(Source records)
• • • •

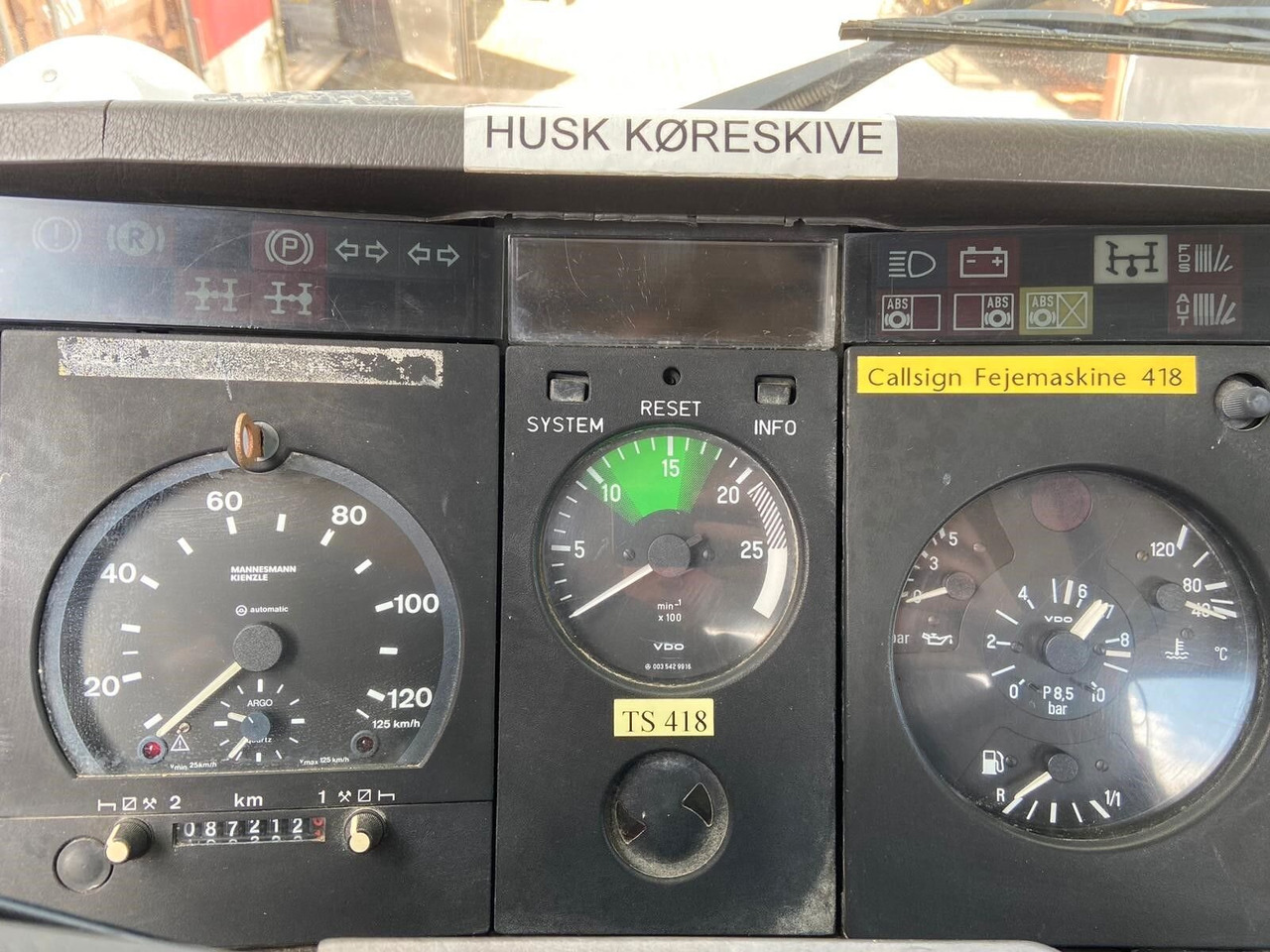 Mercedes-Benz SK II 2631 6x4 SK II 2631 6x4, Winterdienstausstattung - Camion cu cârlig: Foto 4 Mercedes-Benz SK II 2631 6x4 SK II 2631 6x4, Winterdienstausstattung - Camion cu cârlig: Foto 4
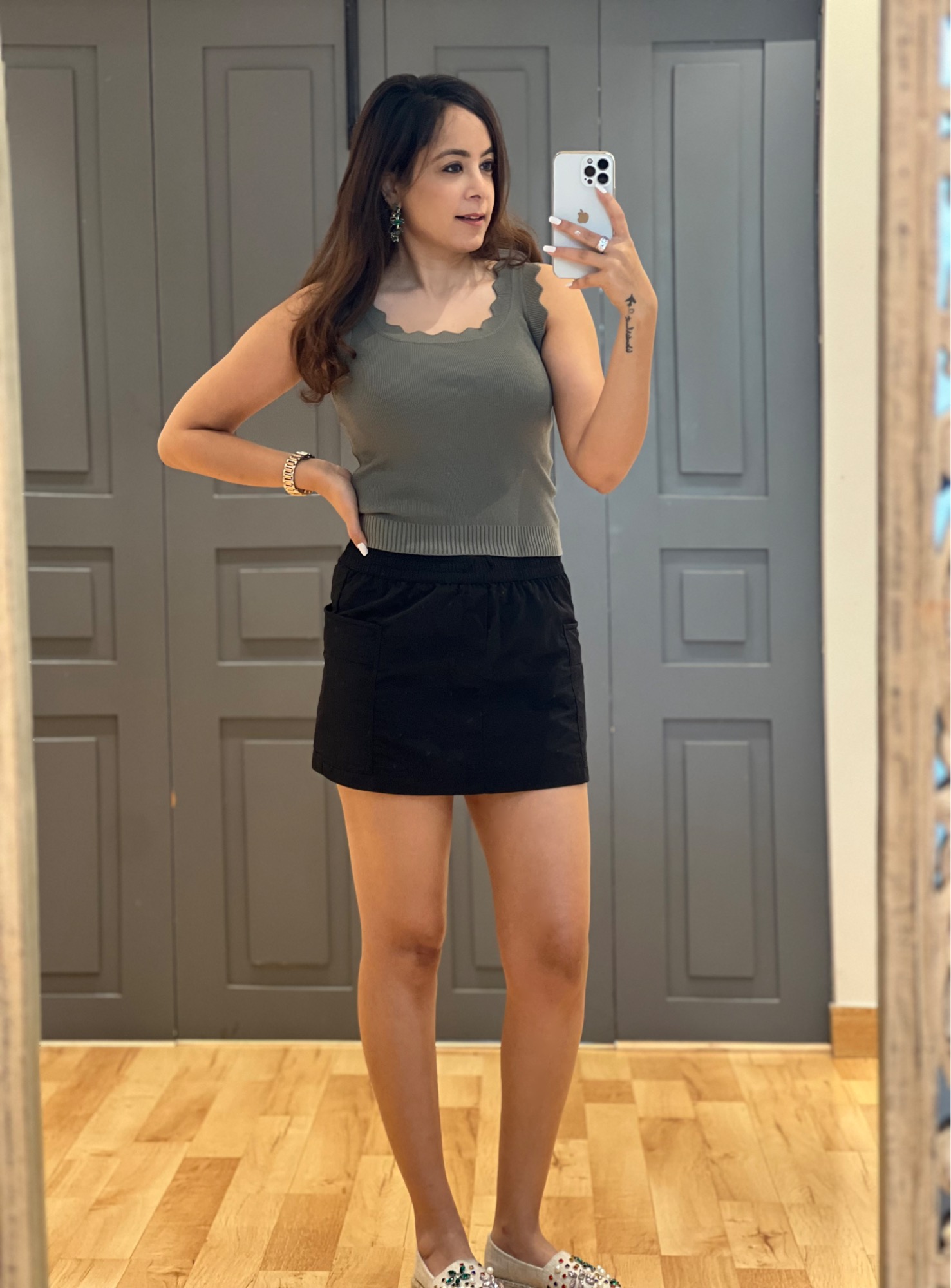 24658257-06AF-4CBA-BA01-8FD22627DA3F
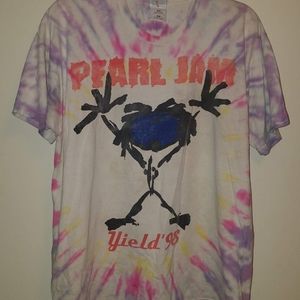 Vintage Pearl Jam Tour shirt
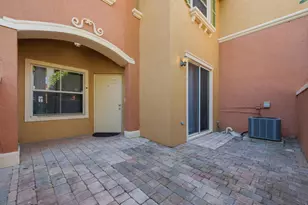 732 SW 106th Ave, Pembroke Pines, FL 33025 - Photo 5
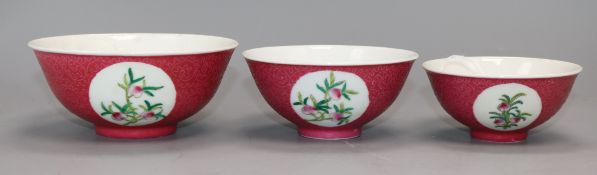 A graduated set of three Chinese tea bowls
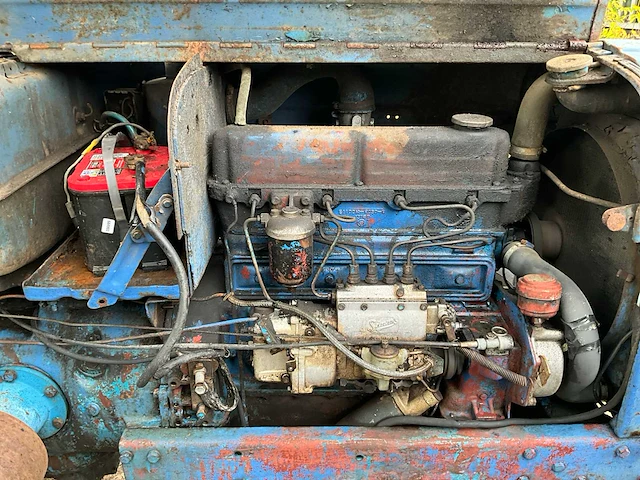 1961 fordson super major oldtimer tractor - afbeelding 14 van  31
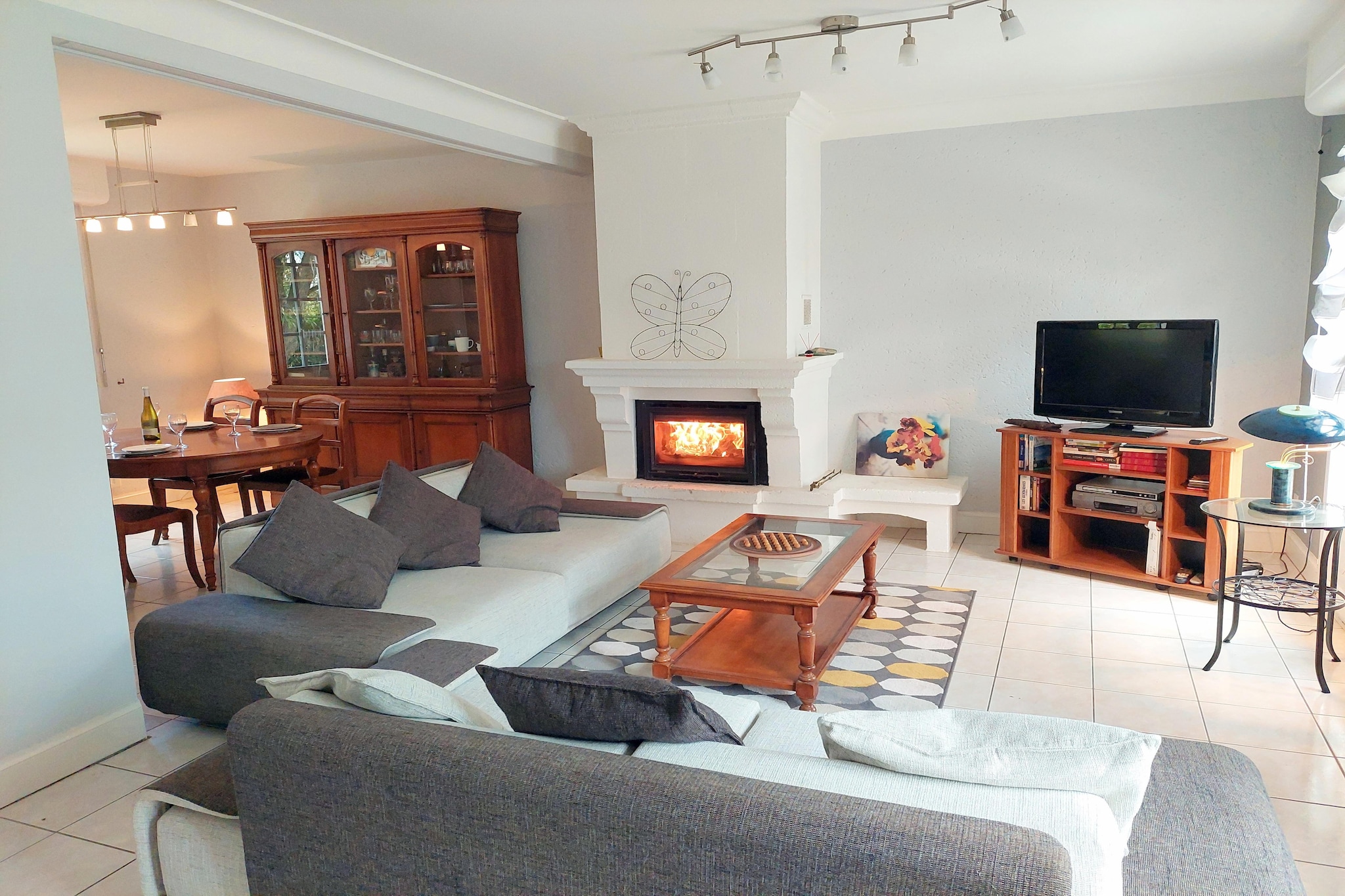 Ground floor: (open kitchen(hob(5 ring stoves, gas), electric kettle, toaster, coffee machine, oven, dishwasher, fridge, freezer), Living/bed room(TV(no german television channels), fireplace), Bedroom with bathroom(double bed(140 x 190 cm), shower), toilet)\n\nOn the 1st floor: (bedroom(double bed(140 x 190 cm)), bedroom(double bed(140 x 190 cm)), bedroom(double bed(140 x 190 cm)), bathroom(bath tub), toilet)\n\nInternet access, washing machine, heating(electric), garden(800 m2), garden furniture, sun loungers, BBQ, parking, parasol, lounge set, Towels/Sheets (Incl.)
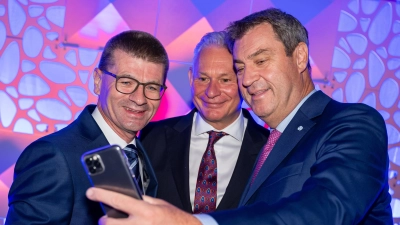 Wenn der Ministerpräsident ein Selfie macht: Nach der Wahl am Nockherberg schnappte sich Markus Söder das Handy von Dr. Gerhard Walther (links) und machte ein Foto zusammen mit Wolfgang Altmüller (Mitte), dem Amtsvorgänger Walthers als GVB-Präsident. (Foto: GVB/Lennart Preiss)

• • • •

Once the pictures are removed, output the entries above exactly as given.

Task response:
 Mercedes-Benz SK II 2631 6x4 SK II 2631 6x4, Winterdienstausstattung - Camion cu cârlig: Foto 4 Mercedes-Benz SK II 2631 6x4 SK II 2631 6x4, Winterdienstausstattung - Camion cu cârlig: Foto 4
 24658257-06AF-4CBA-BA01-8FD22627DA3F
 Vintage Pearl Jam Tour shirt
 732 SW 106th Ave, Pembroke Pines, FL 33025 - Photo 5
 A graduated set of three Chinese tea bowls
 1961 fordson super major oldtimer tractor - afbeelding 14 van  31
 Ground floor: (open kitchen(hob(5 ring stoves, gas), electric kettle, toaster, coffee machine, oven, dishwasher, fridge, freezer), Living/bed room(TV(no german television channels), fireplace), Bedroom with bathroom(double bed(140 x 190 cm), shower), toilet)\n\nOn the 1st floor: (bedroom(double bed(140 x 190 cm)), bedroom(double bed(140 x 190 cm)), bedroom(double bed(140 x 190 cm)), bathroom(bath tub), toilet)\n\nInternet access, washing machine, heating(electric), garden(800 m2), garden furniture, sun loungers, BBQ, parking, parasol, lounge set, Towels/Sheets (Incl.)
 Wenn der Ministerpräsident ein Selfie macht: Nach der Wahl am Nockherberg schnappte sich Markus Söder das Handy von Dr. Gerhard Walther (links) und machte ein Foto zusammen mit Wolfgang Altmüller (Mitte), dem Amtsvorgänger Walthers als GVB-Präsident. (Foto: GVB/Lennart Preiss)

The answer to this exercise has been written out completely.